The Greatest Bond Bubble Ever—-David Stockman’s Reflections On The Maestro’s Visit To Agora

Bonds are in a massive bubble… and it’s going to pop… according to this week’s expert.

Bonds are going to blow…

This latest warning on the dangers lurking in these supposedly “safe haven” assets comes by way of another one of the special guests at our 2017 Inner Circle roundtable event in Baltimore last month, David Stockman.

David knows a thing or two about the dangers of debt – and politicians’ love affair with issuing as much of the stuff as they can get away with.

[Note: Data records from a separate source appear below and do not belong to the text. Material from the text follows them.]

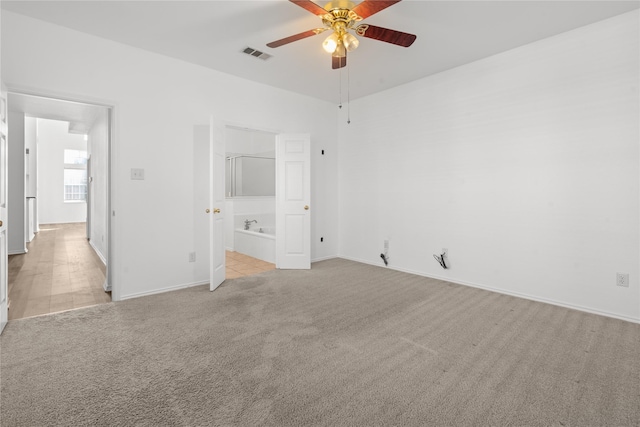 unfurnished bedroom with ensuite bath, ceiling fan, and light carpet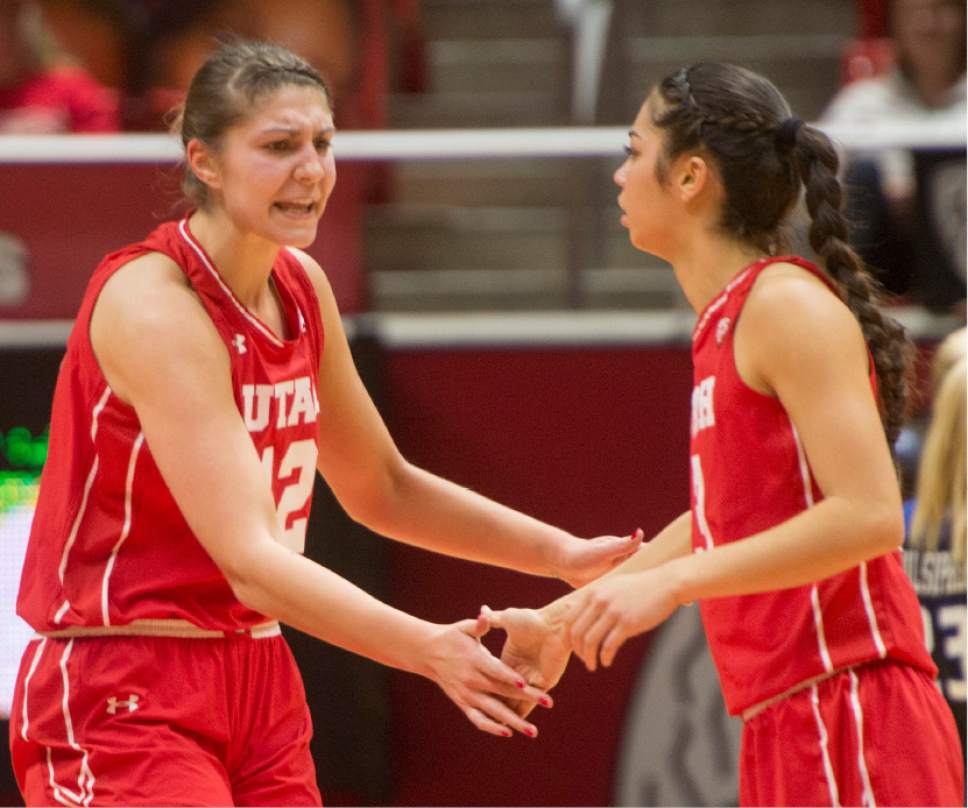 Rick Egan  |  The Salt Lake Tribune

Utah Utes forward Emily Potter (12) shouts its  Malia Nawahine (3), after Nawahine hit a 3-point-shot to tie the game, in Basketball action, Brigham Young Cougars vs. the Utah Utes, Saturday, December 10, 2016.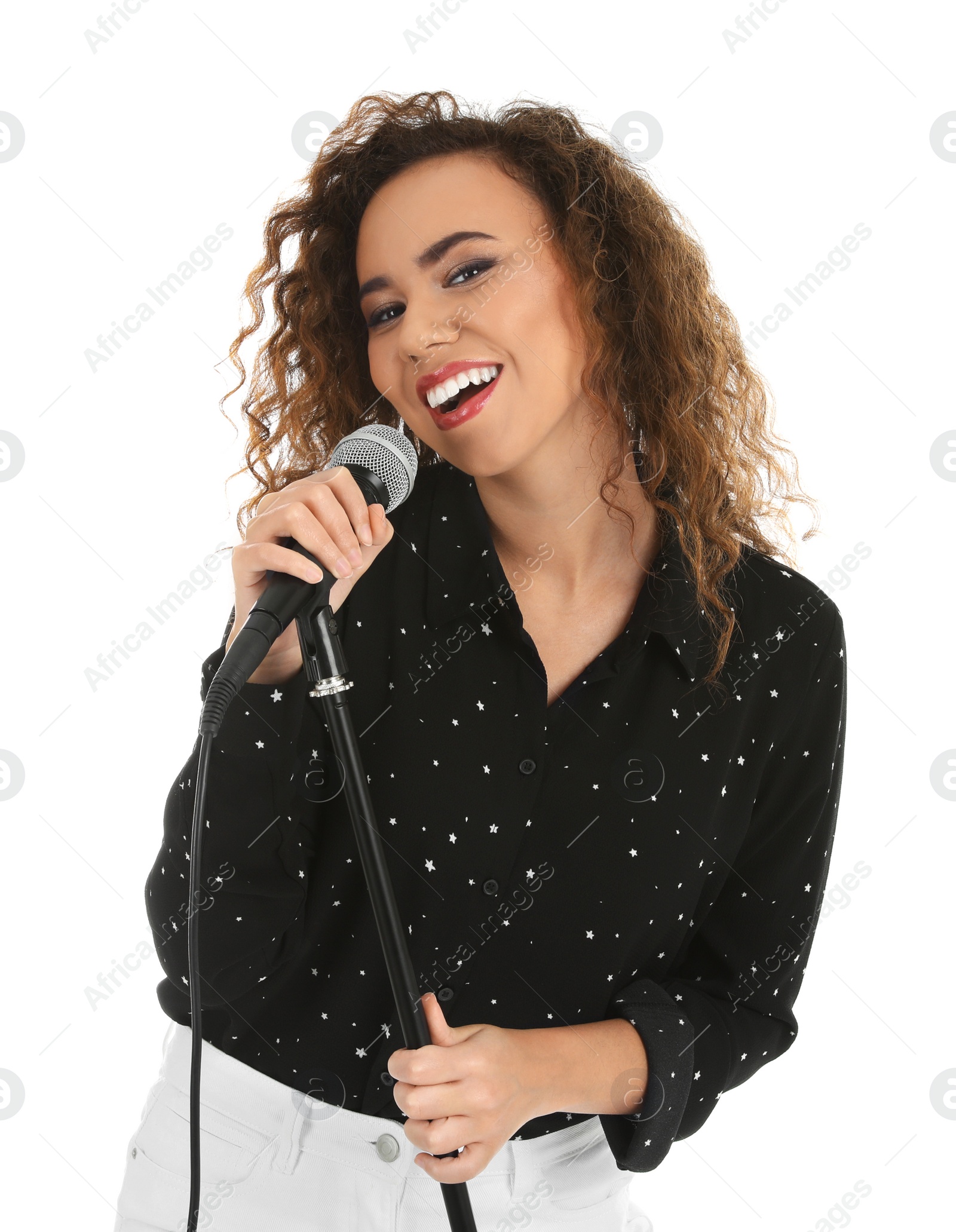 Photo of Curly African-American woman posing with microphone on white background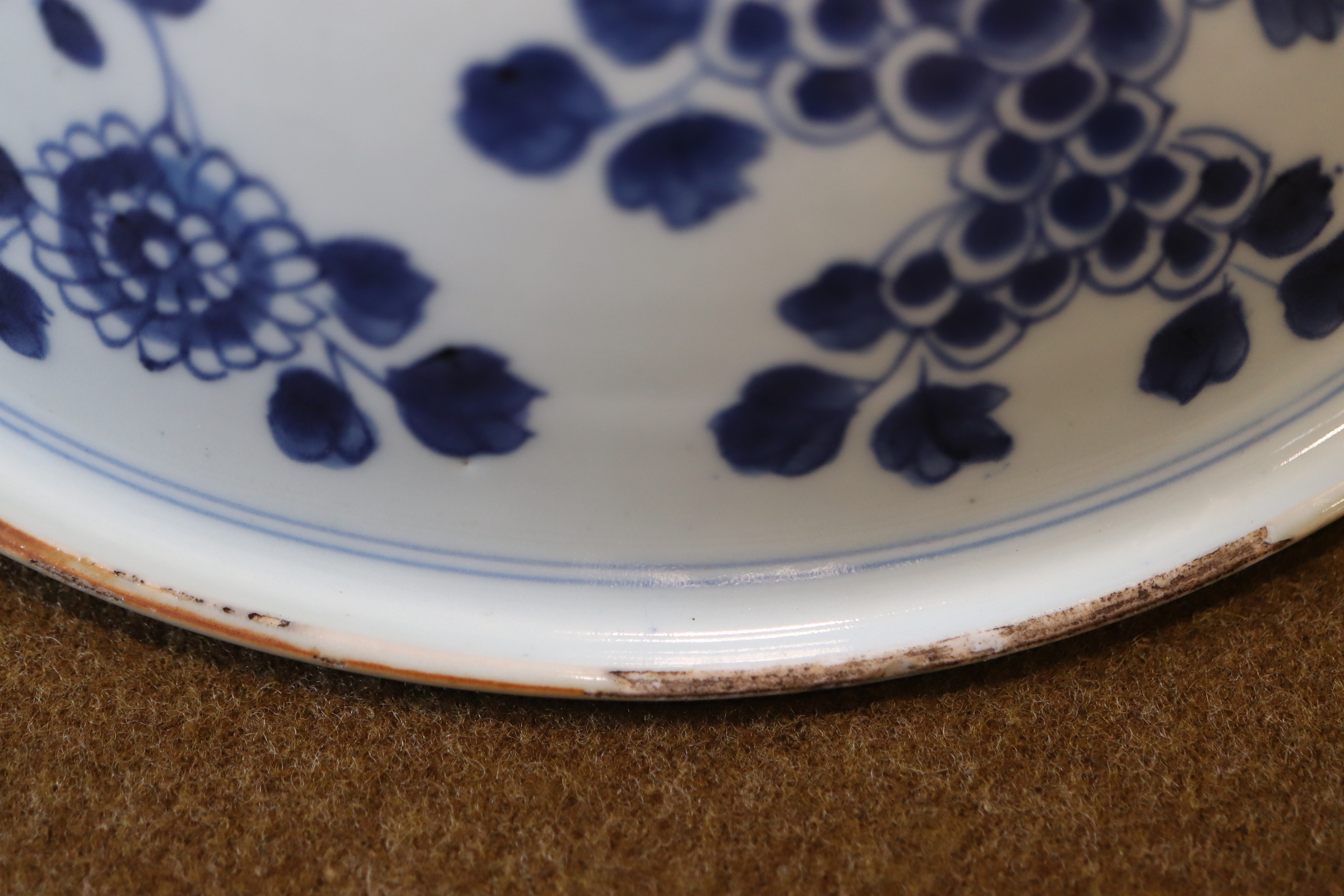 A late Quing Chinese blue-and-white porcelain bowl, circular with down-turned everted rim, decorated - Image 7 of 9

As President Reagan’s budget director in the early 1980s, he was the chief architect of the “Reagan Revolution.” The idea was to slash taxes and take an ax to entitlement programs to allow the private sector to grow.

In 1981, David sat down with the newly elected president to crunch the numbers.

The result: the first Reagan budget. It wasn’t perfect. But it went further than previous presidents had dared in curtailing the growth of America’s “welfare state.”

Bond Bust

But it soon became clear to David that, although it was keen on cutting taxes, the Republican Party had no real appetite for reducing government spending.

This meant spiraling federal budget deficits.

And just four years later, he quit the Reagan administration in protest and wrote the New York Times best-seller The Triumph of Politics: Why the Reagan Revolution Failed.

To this day, it’s the single most insightful account of why it’s so difficult to get anything meaningful done in Washington.

You can probably tell why we invited David along to our roundtable session…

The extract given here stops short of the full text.